Let $\mathbb{T}$ be a geometric theory. Let $\mathrm{Set}[\mathbb{T}]$ be its classifying topos, such that geometric morphisms from any (cocomplete) topos $\mathcal{E}$ into $\mathrm{Set}[\mathbb{T}]$ are in canonical one-to-one correspondence with models of $\mathbb{T}$ in $\mathcal{E}$.
As with any topos, associated to $\mathrm{Set}[\mathbb{T}]$ is its localic reflection $L(\mathrm{Set}[\mathbb{T}])$, the locale which has the partially ordered set $\mathrm{Sub}_{\mathrm{Set}[\mathbb{T}]}(1)$ as frame of opens. Like any locale, this locale is the classifying locale of some propositional geometric theory $\mathbb{T}'$.
Question: Can the theory $\mathbb{T}'$ be described in terms of $\mathbb{T}$?
For instance, let $\mathbb{T}$ the theory of an object, containing a single sort and no axioms. Then $\mathrm{Set}[\mathbb{T}]$ is the object classifier, the copresheaf topos $[\mathrm{FinSet}, \mathrm{Set}]$. Its localic reflection is the one-point locale, so $\mathbb{T}'$ is the empty theory.

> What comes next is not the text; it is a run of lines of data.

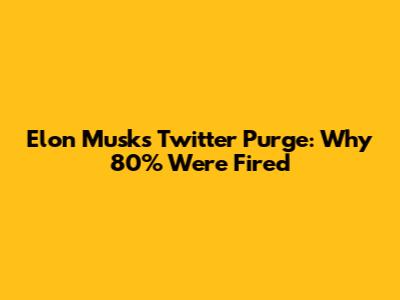 Elon Musk's Twitter Purge: Why 80% Were Fired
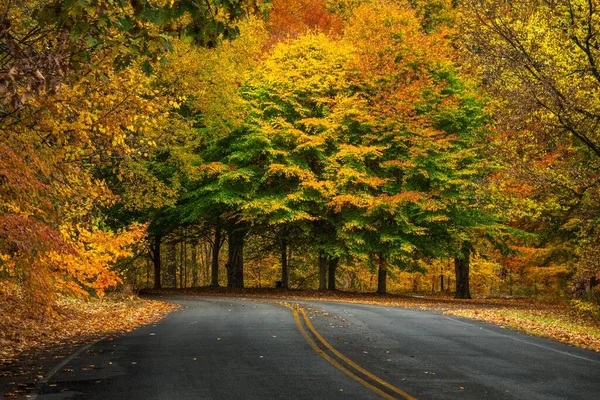 stock image A scenic view of an asphalt road covered with fallen leaves in Cherokee park in autumn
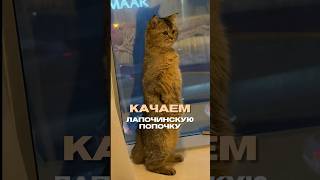 Качаем попу по-кошачьи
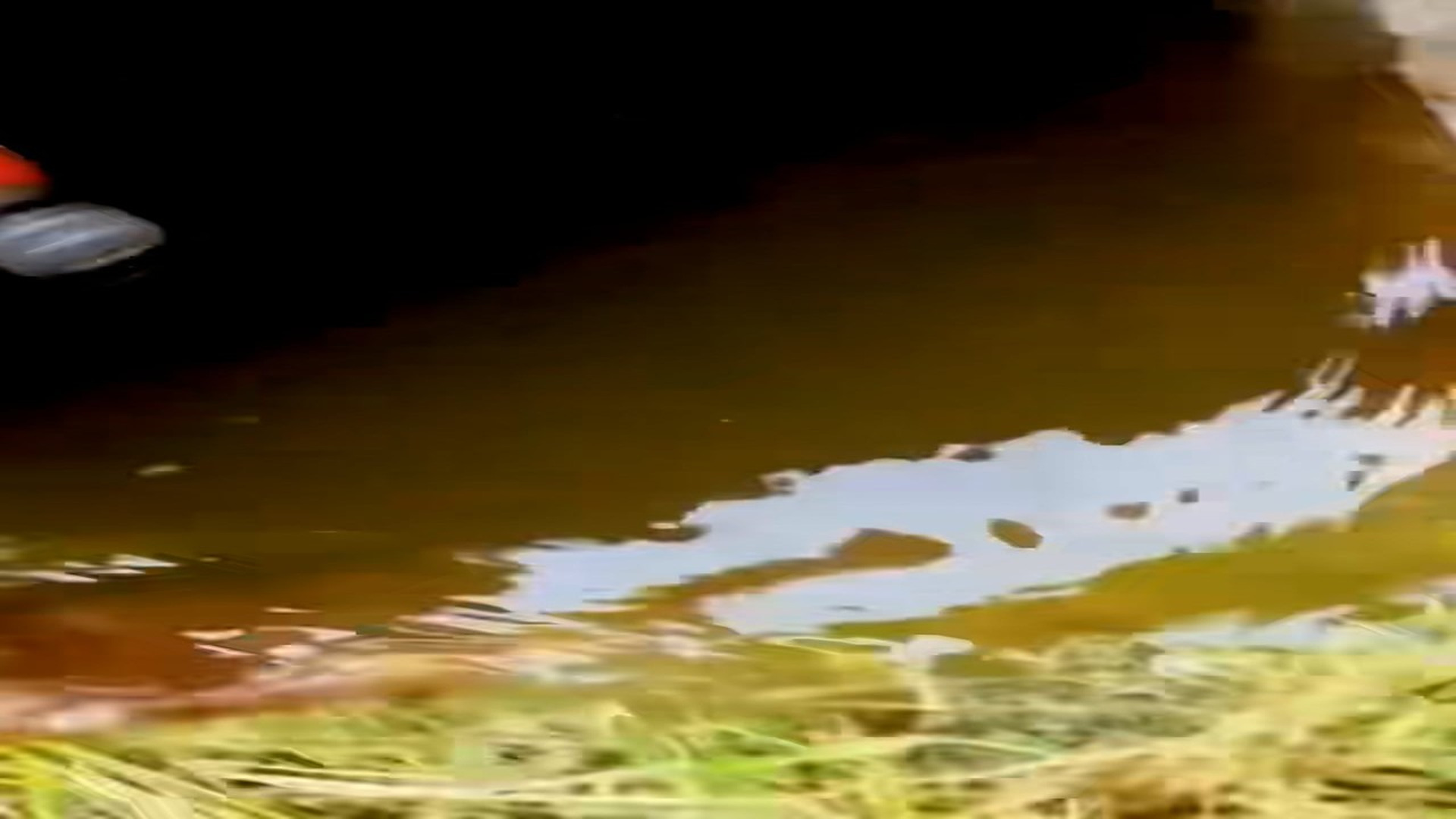 Full Video : H2006025_Cat swept away by water was luckily saved #animalsoftiktok #rescueani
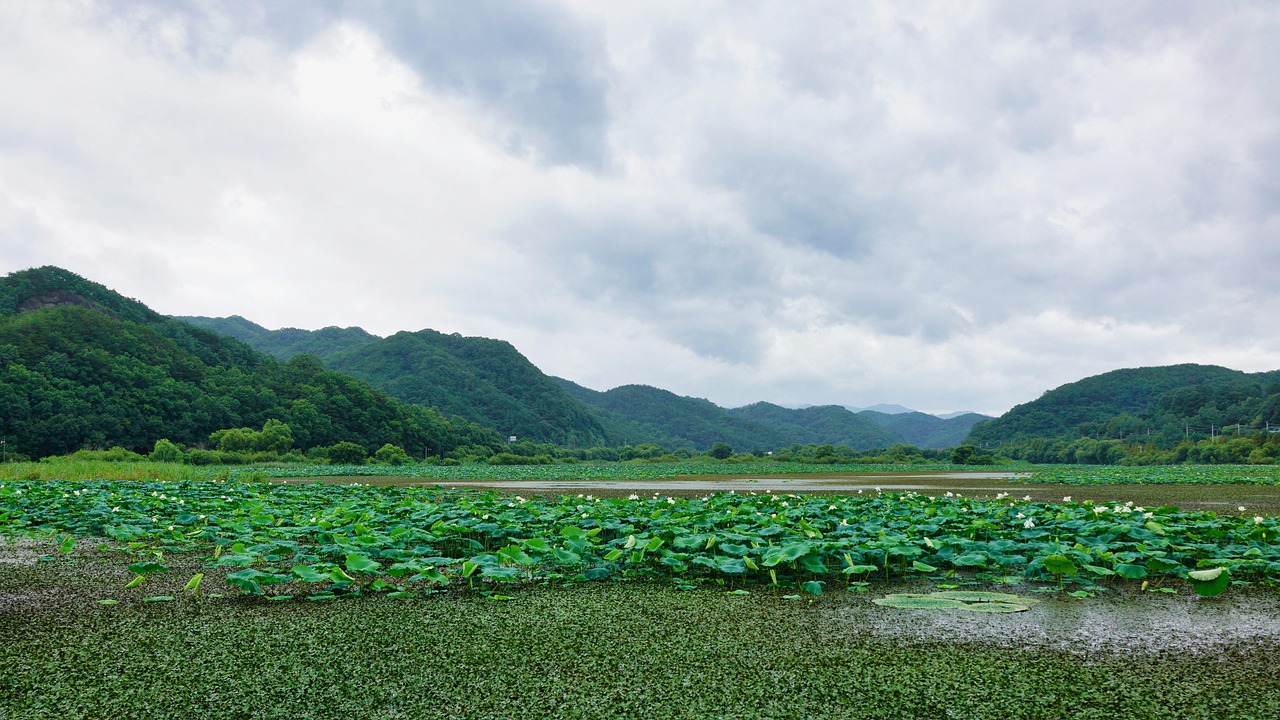 합천 여름 여행 가볼 만한 곳 관련 사진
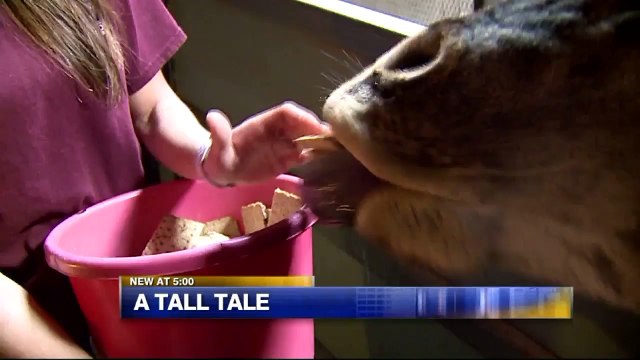 Milwaukee County Zoo Welcomes Adorable Baby Gorilla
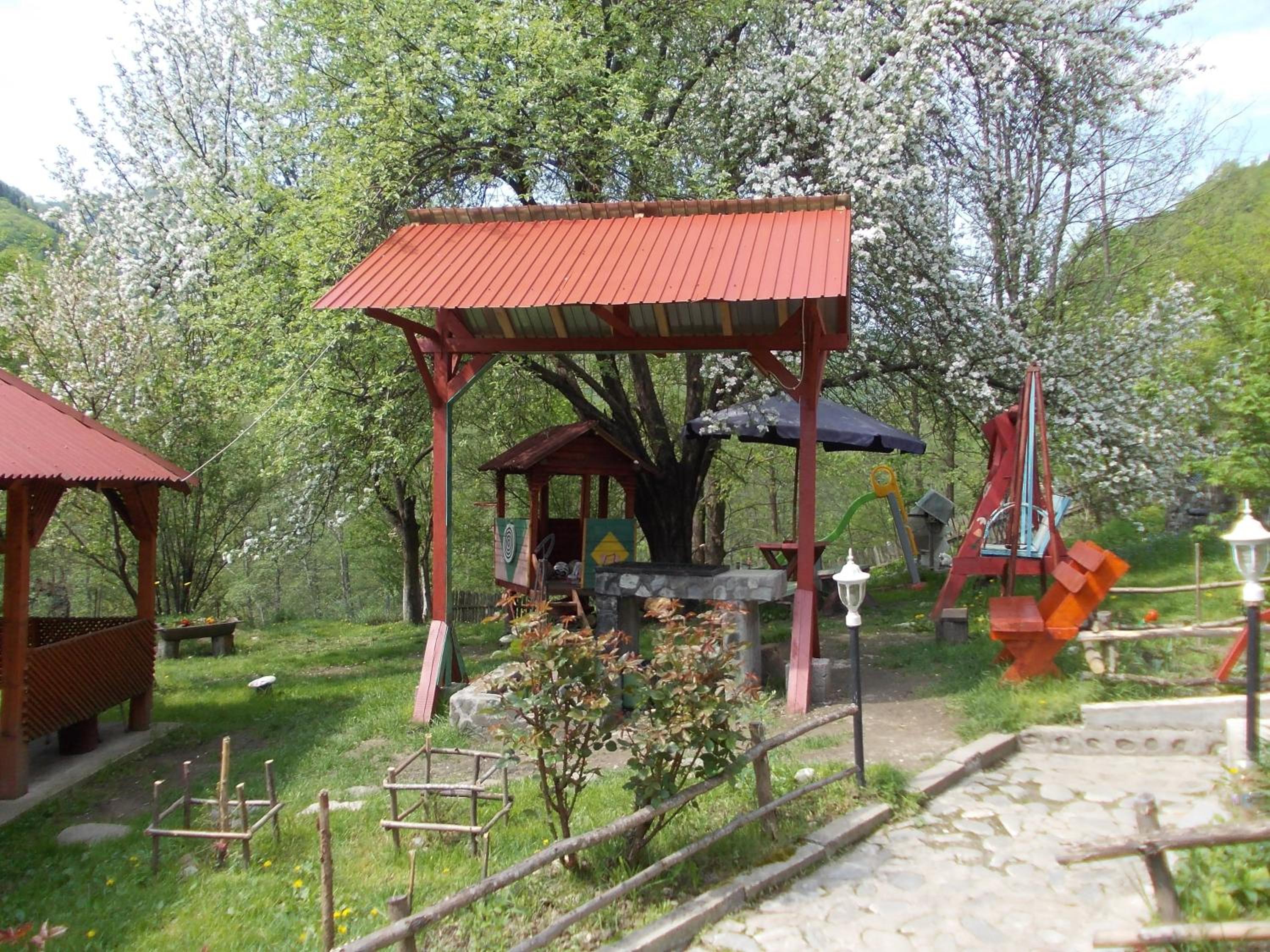 Photo 21
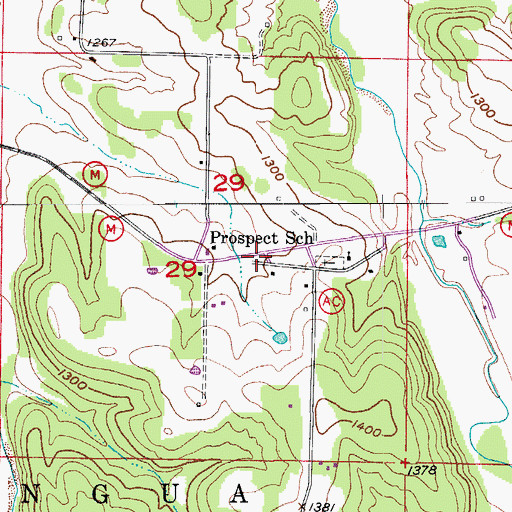 Topographic Map of Prospect School, MO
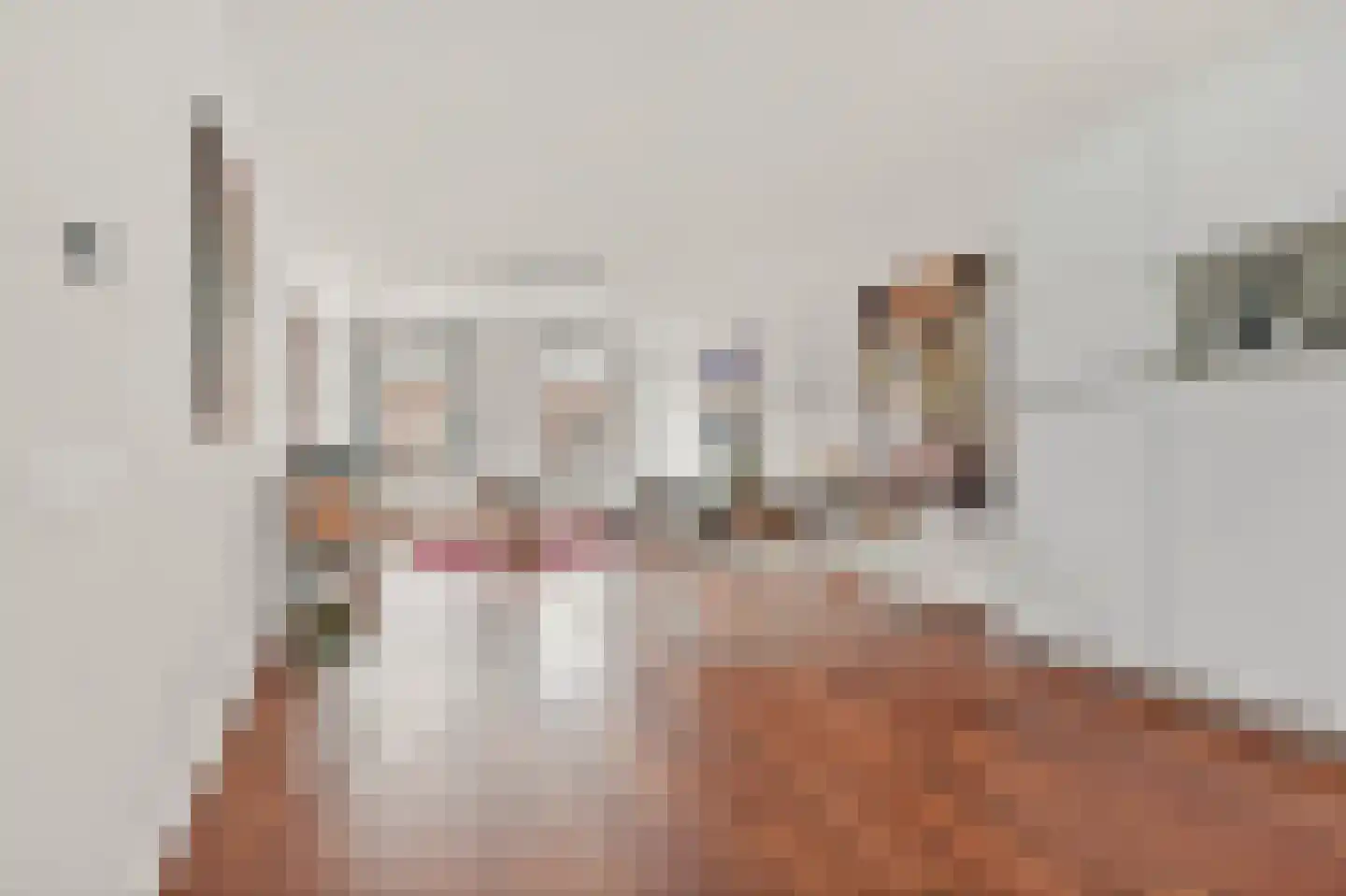 Anna Paulownastraat 59 B Den Haag thumbnail 17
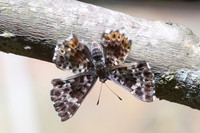 Lasaia sula id--5915- Bucaramanga - 22/07/25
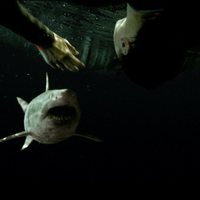 Foto de '47 Meters Down: Uncaged'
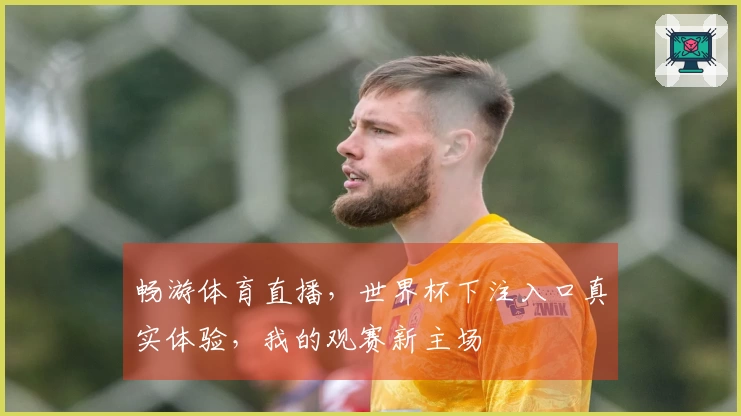畅游体育直播，世界杯下注入口真实体验，我的观赛新主场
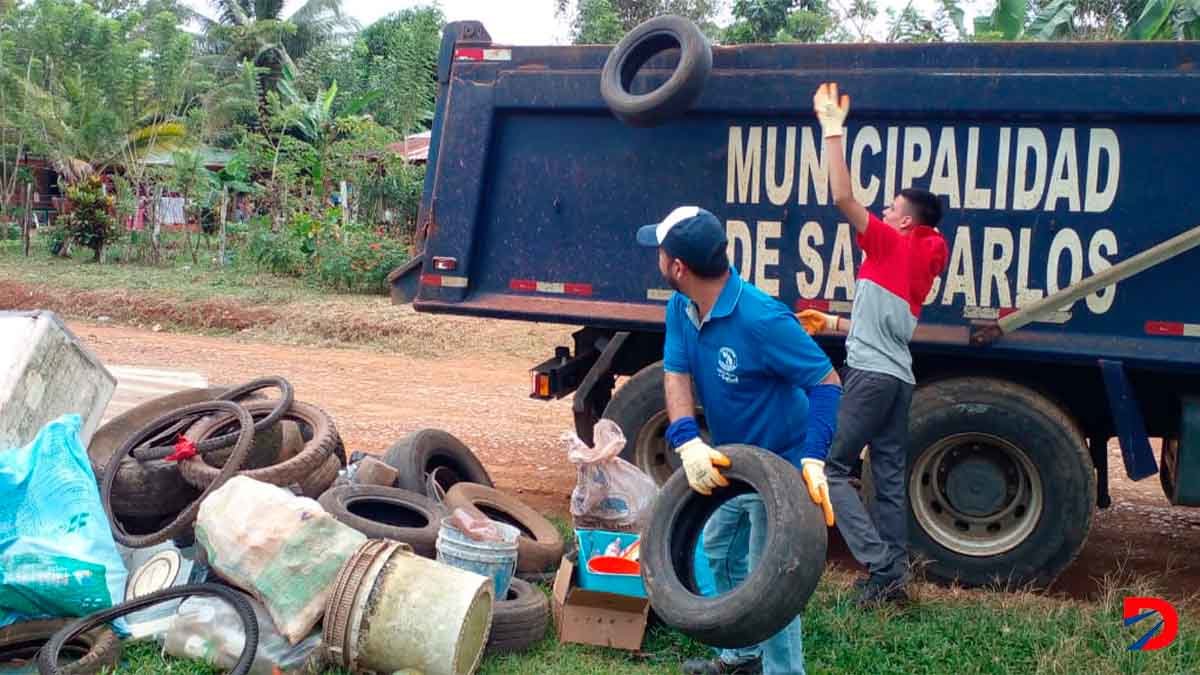 Criaderos dengue San Carlos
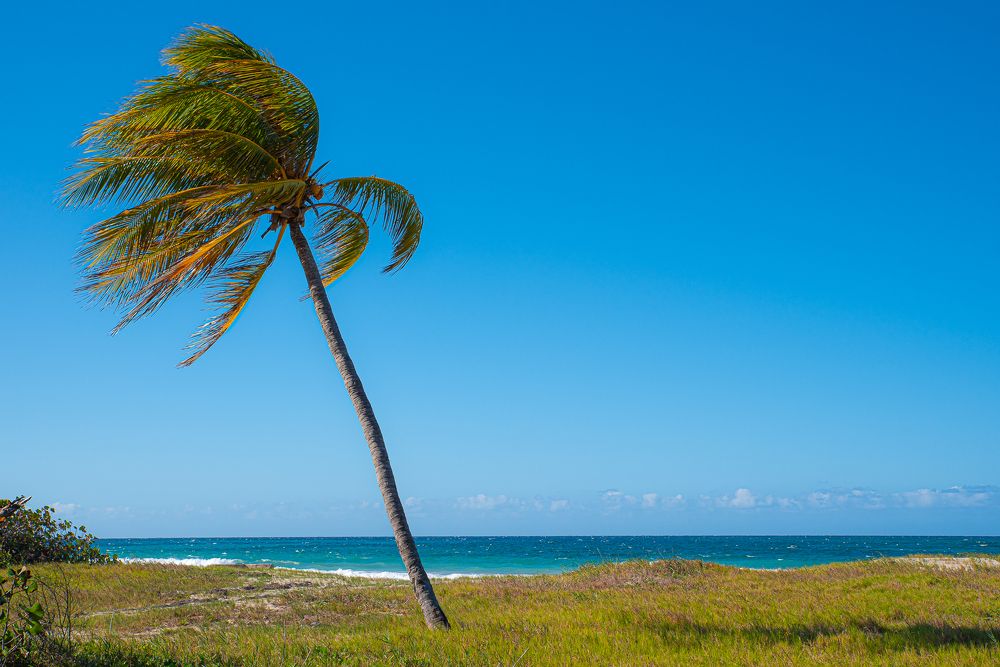 Photograph by Abel Cancino Gutierrez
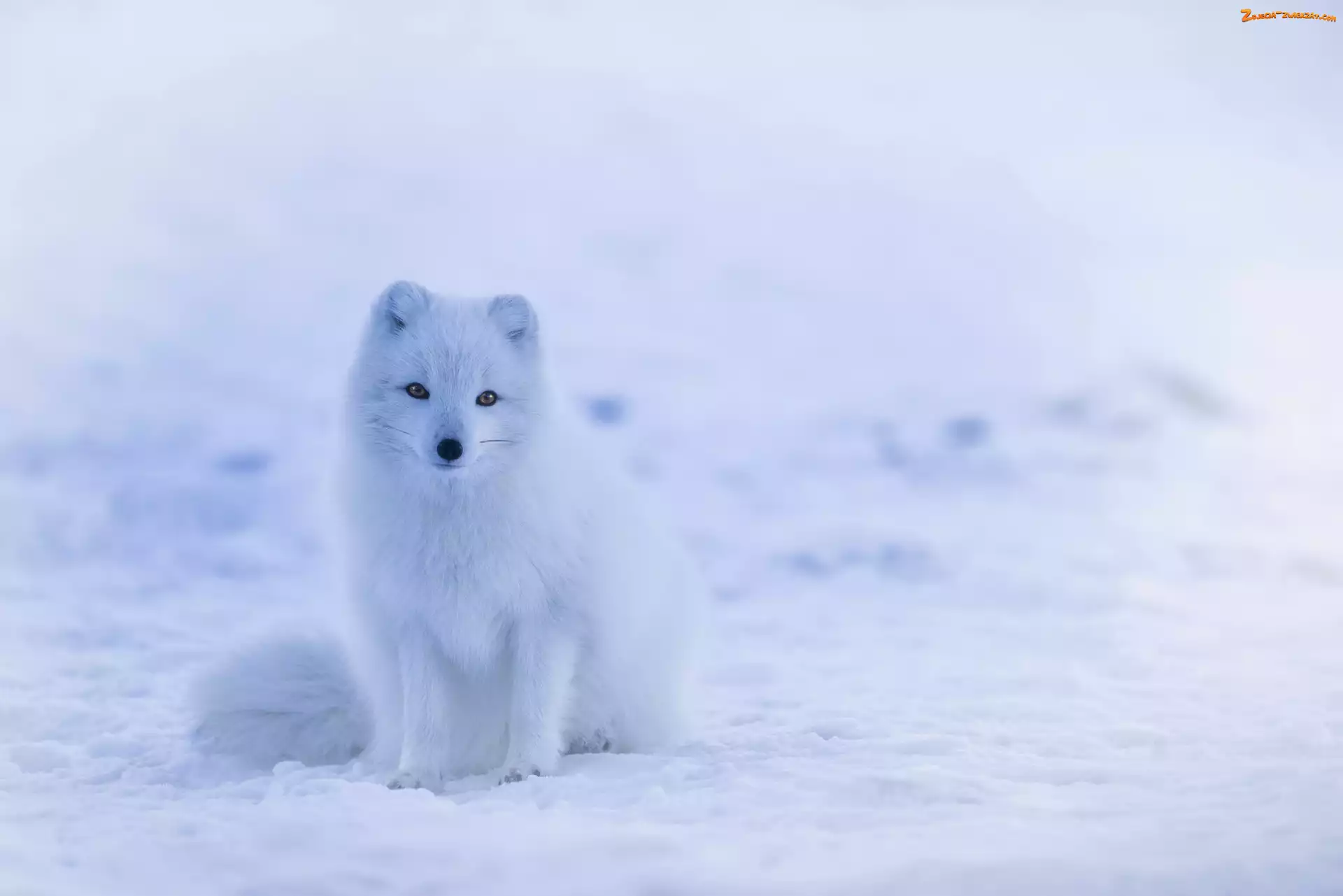 Lis polarny, Śnieg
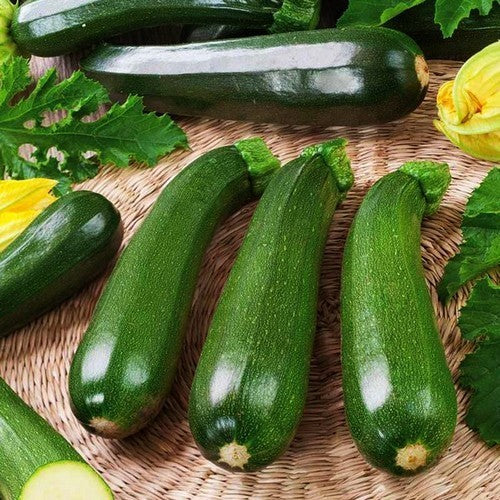 Courgette 'Diamant' F1 / 'Spineless Beauty' F1 15 Zaden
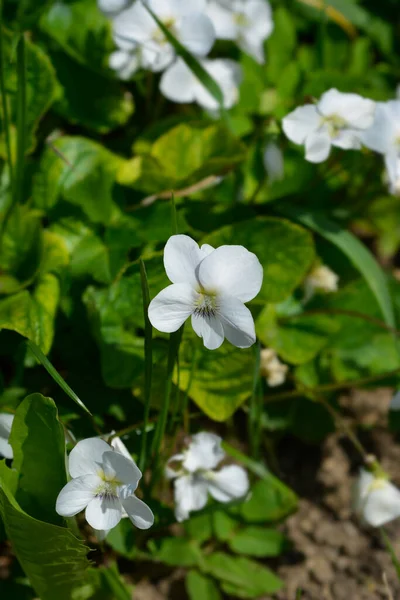 Fioletowy Kwiat Białego Drewna Nazwa Łacińska Viola Sororia Albiflora — Zdjęcie stockowe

My motivation is that I want to find out whether a certain geometric $\mathcal{F} \to \mathcal{E}$ morphism is open. For this, I have to check whether its localic reflection is open (as a locale internal to $\mathcal{E}$); if I knew which theory the localic reflection classifies, I'd have a handle on this.
An obvious place to look for an answer would be Olivia Caramello's beautiful paper on lattices of theories. However, there she discusses only subtoposes, not the localic reflection.